KUALA LUMPUR (Reuters) - Completing Malaysia’s biggest rail project as previously planned would cost $20 billion, its finance minister said on Tuesday, nearly 50 percent higher than estimates under the previous government.
The 688 km (430 miles) East Coast Rail Link will connect the South China Sea in the east with the strategic shipping routes in the west and is a major part of Beijing’s Belt and Road infrastructure push. Malaysia aims to renegotiate the terms of the deal with its Chinese partners.
“We expect that the ECRL project will only become financially and economically feasible if there is a drastic price reduction of the project by the CCCC (China Communication Construction Company),” Lim Guan Eng said in a statement, referring to the company leading the project’s construction.
“Discussions on cost will be held with the contracting parties and others involved in the project.”
Since a surprise election win in May, Malaysia’s new government has pledged to cut the national debt, stamp out corruption and review major projects agreed by the scandal-plagued previous administration led by Najib Razak.
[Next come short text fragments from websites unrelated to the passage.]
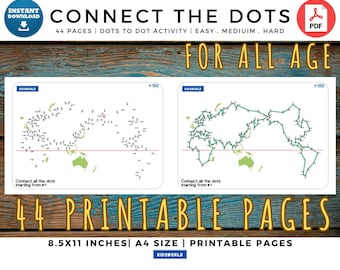 Connect the dots Printable pages for ALL (44 pages), Dot to Dot Puzzle Pages, Stage 1-3, Connect The Dots Challenge Printable Pages For ALL
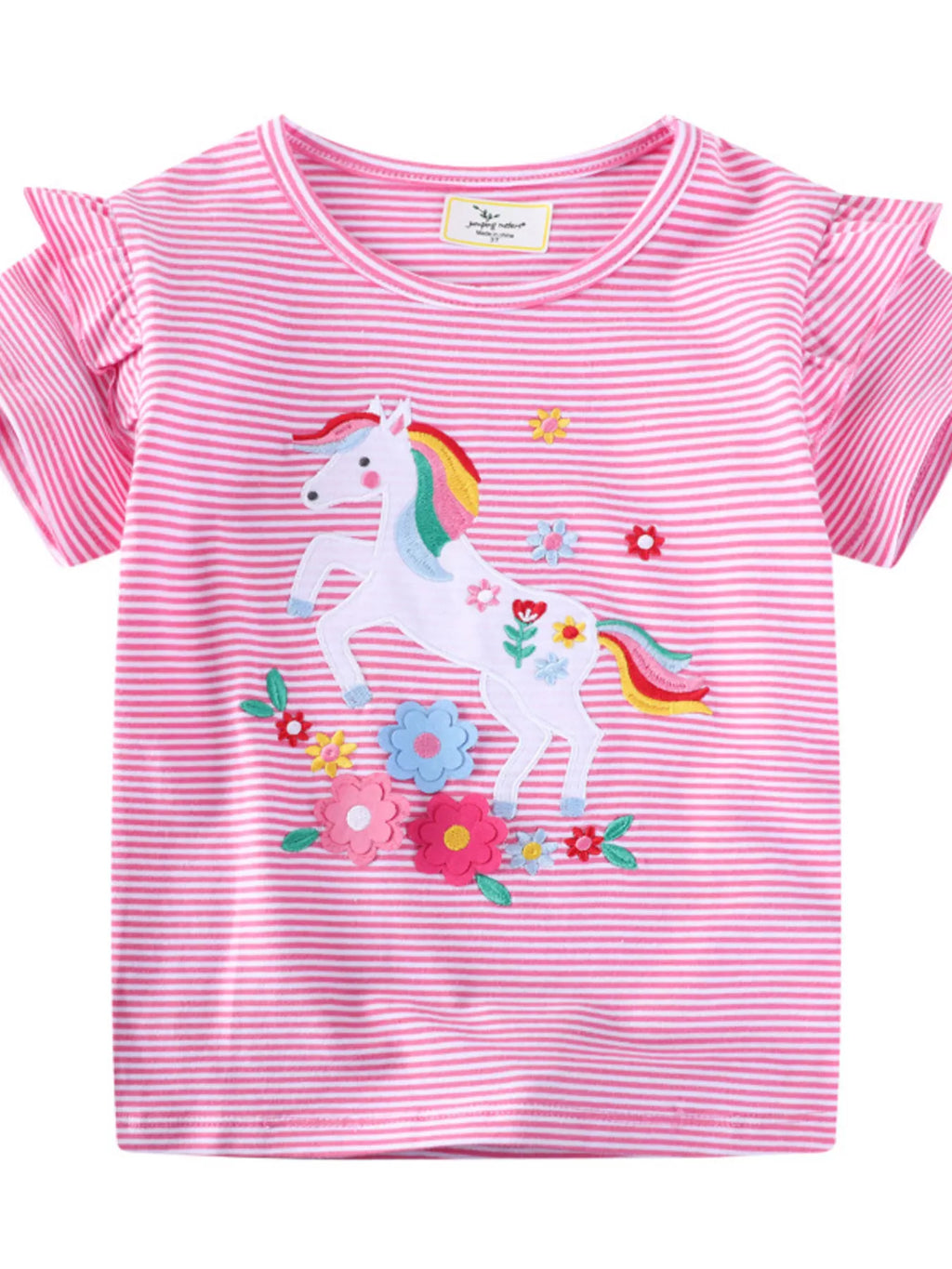 women's c=children's unicorn ruffle sleeve striped t-shirt - front view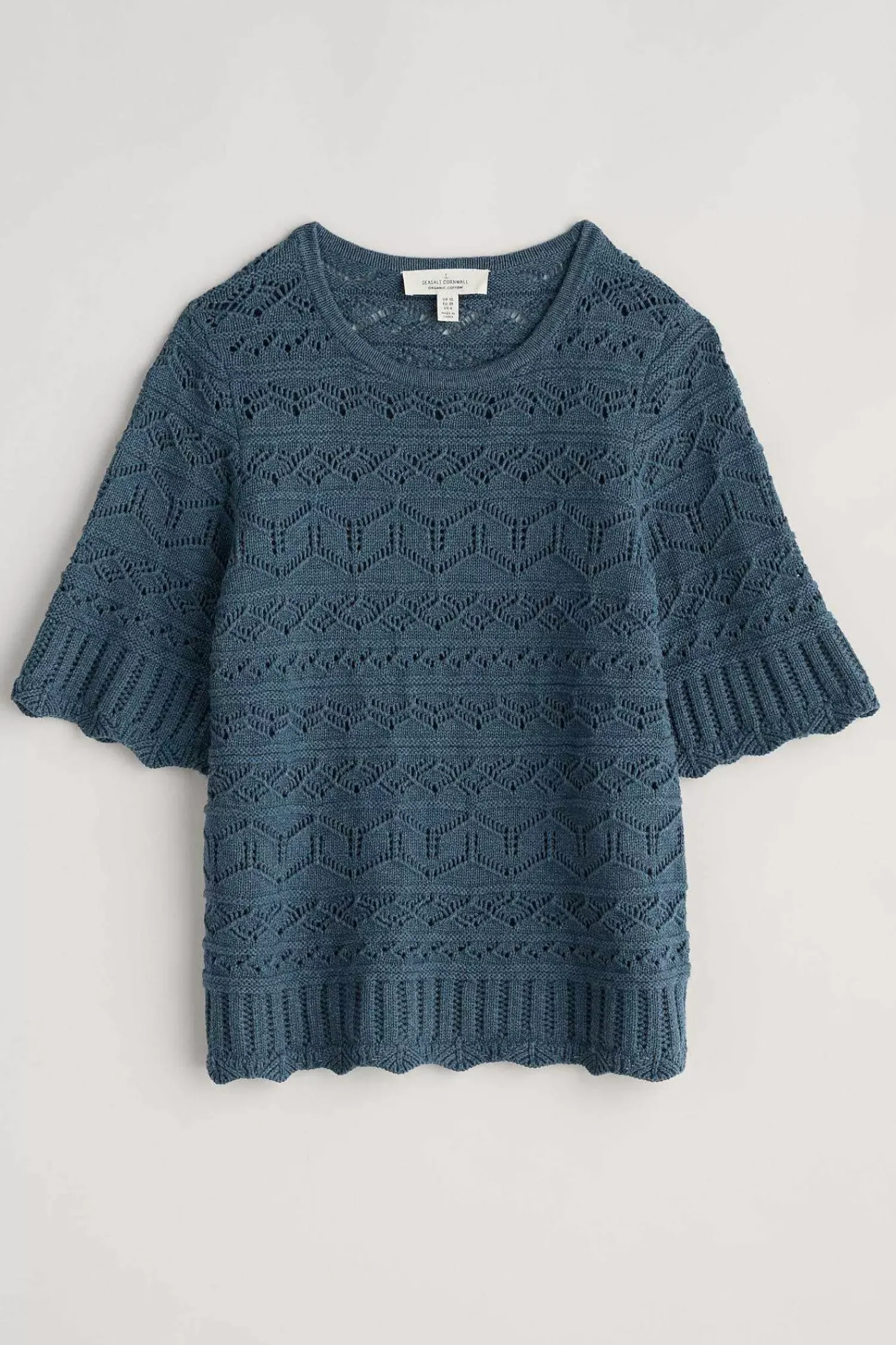 Knitwear<Seasalt Cornwall River Cross Pointelle Knit Top Light Squid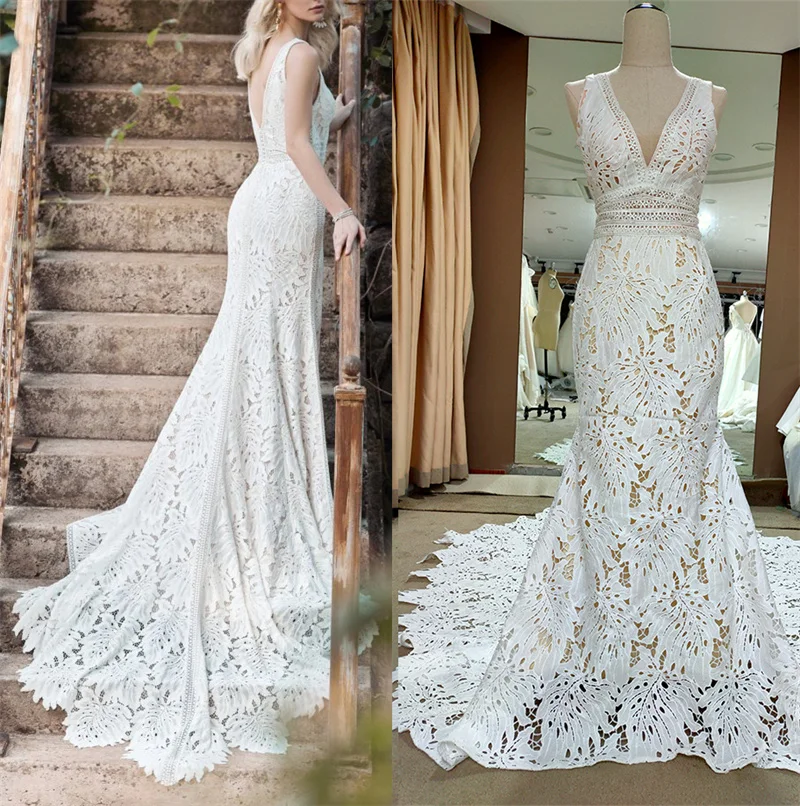 

4071#V Neck Mermaid Lace Wedding Dress Sexy Plus Size Sleeveless Rustic Garden Elegant 2021 Real Photos Bridal Gown With Train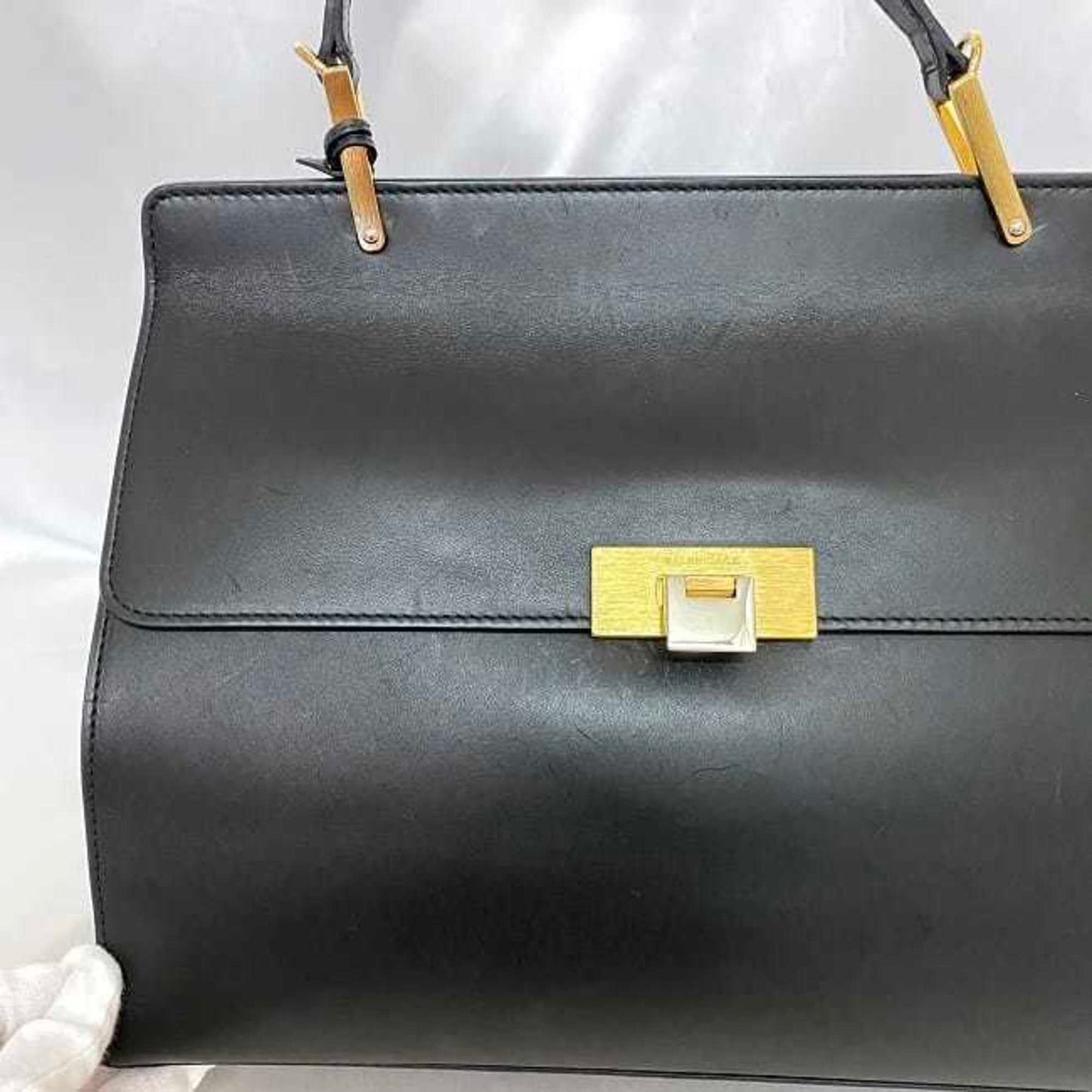 Balenciaga Le Dix, Black, Leather, handbag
The finance ministry said the basic cost of the ECRL project was around 67 billion ringgit, but when land acquisition, interest, fees and other operation costs are taken into account costs will rise to 81 billion ringgit ($20 billion).
The project was initially estimated to cost some 55 billion ringgit ($13.60 billion). Construction began almost a year ago.
The government said it will also consult with the state government of Selangor, taking note of their objections to the last leg of the rail line that connects to Port Klang, a major trading hub on the west coast near the capital Kuala Lumpur.